Chapter 51

“YOU OKAY? EATING enough? Getting to bed on time?”

I turn onto my belly, smiling. “Yes, Anthony.”

“Good. I wouldn’t want anything to happen to you—”

“It won’t. I promise.”

“I know. Because I won’t let it. You understand?”

“I understand.”

“So, tell me the truth. You’re broke again, right?”

I tell him the truth.

“Never lie to me. You cannot trust a liar or turn your back on them. You understand?”

“I understand.”

“Good. Now, get back to sleep. Sweet dreams.”

“Yes, Anthony.”

He only got one rule, he told me yesterday. He wants me to say “Yes, Anthony” or “No, Anthony,” not yeah or okay or uh-huh. That’s low-life, he told me, disrespectful. It’s a little thing to give him what he wants. He been so good to me, I don’t mind.

As soon as I wake up, I put my clothes on and go get my money. Cricket gets to hang out with Solomon for a while. When he ask where I’m off to, I lie. I lie to Maleeka too when she wanna know how come I ain’t been answering my phone. “I accidentally left it in a store. I finally figured out which one yesterday. And picked it up this morning.” The truth is that I can’t concentrate on math when I’m worried about food, money, and everything else. And when I got money, I feel better, smart.

She on her way to gym class. Her school got exercise bikes, little trampolines, and everything. She think she may join the gymnastics team, but the basketball coach is trying to recruit her hard.

I turn another corner, see the hotel fountain splashing water. Rub my arms ’cause it’s a little chilly today. “I never hear you talk about Sweets.” I stop at the light on the corner. Pushing the button to make the streetlight turn faster, I listen to her tell me that she and Sweets don’t talk no more.

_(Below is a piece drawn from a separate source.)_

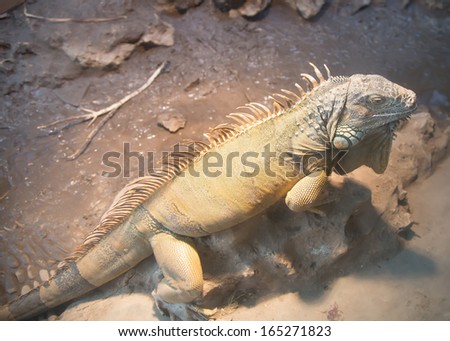 Picture a large green iguana, closeup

“Everything in high school is so different, Char. The teachers. The kids. The cliques.” We both say it at the same time. “I sure do miss McClenton Middle.”

I laugh. Then she laugh. “Well, I have to get to work.”

“You found a job?”

“Sure did.”

I cross the street, look both ways. Roll my eyes when some old man asks my name. “Maleeka.”

“Yeah.”

“Tell me what you see. The colors and everything.”

I head for his car.

If clean was a color, she says, it would look like Cottingham High. “White walls, baby-blue lockers, brand-new light brown shiny wooden floors all over the building. Trees—you believe that, Char—right in the building, live ones on every floor. And it smell like lemons everywhere.”

Seem like the schools you see in the movies. Nothing like McClenton with doors off the bathroom stalls, gum stuck on the ceiling.

“You sure is lucky.”

“Hey. Don’t forget to do your homework.”

He had the car washed and waxed. Water beads still hang on the fender and hood. “Gotta go.” I put my phone away. Smile real nice. Jiggle some. And try not to forget what Maleeka said about commas. She got it in her head that I need to be doing other kinds of schoolwork. “Write five sentences using two commas three different ways,” she told me. I ain’t know what she meant till she explained. I still can’t remember everything she said about conjunctions and how to use and, or, but. When I’m at his window, a sentence pops in my mind. Anthony is good to me, and his driver is always nice. I’m proud of how I use the conjunction, even if I can’t tell her about it.


I need to pay him back. I can’t keep taking and taking. I could go by his place, scrub the floors on my knees, wash the windows by hand, do his dishes, anything he want. But he won’t accept no help from me. He don’t want his money paid back either. “Accept it, baby girl. I like to do for you. No strings.”

“Is that what you say to April?”

He tell me that I’m different. Smart. Only him and Maleeka ever said that about me. His words feel like honey on my skin, a warm sun in the sky. I laugh because some words that come in my head now don’t sound like me at all. Coloring is changing me inside and out. How something that little do that? I don’t know. But I like it. Like talking to Maleeka all the time now too.

“You got a baby, right?”

I ain’t sure exactly what to say. Only, I don’t want April to get in trouble. So, I lie. Tell him that Cricket is mine. Then I make up a whole story about us. Might as well. Once you start lying, why stop along the way?

“Well—there you go. I help you, and you help me.”

“Yes, Anthony. Anything you want.”

Usually our conversations end quick—faster than a mouse running ’cross the kitchen. Seems like he got all the time in the world today. I’m at my desk, one leg tucked, coloring. Cricket’s on her back on the floor pulling on a one-dollar-store mobile, trying to lift herself up.

“Anthony.”

“Yes.”

“Did you go to college? You talk real nice, sound smart.”

He went to community college, he say. And took a few courses at the university downtown. He quit once his mother got sick. “We had a family business. She died. I had to take over.” He sound disappointed, like he sorry he did that. I ask what business she was in. Only, he don’t say.